Once the line holding "75% amarela e 25 % verdes" is found in the listing below, write it out and each later line exactly, up to and including the one holding "de 3 amarelas".

--- PROVIDED INFORMATION ---
#####

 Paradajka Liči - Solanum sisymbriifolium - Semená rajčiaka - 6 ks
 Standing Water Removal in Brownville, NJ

#####

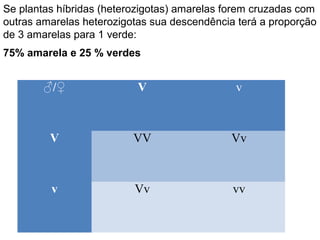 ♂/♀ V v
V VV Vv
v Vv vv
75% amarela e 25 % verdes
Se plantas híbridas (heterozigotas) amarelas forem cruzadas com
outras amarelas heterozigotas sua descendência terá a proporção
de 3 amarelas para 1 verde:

#####

--- FINISHED EXERCISE ---
75% amarela e 25 % verdes
Se plantas híbridas (heterozigotas) amarelas forem cruzadas com
outras amarelas heterozigotas sua descendência terá a proporção
de 3 amarelas para 1 verde:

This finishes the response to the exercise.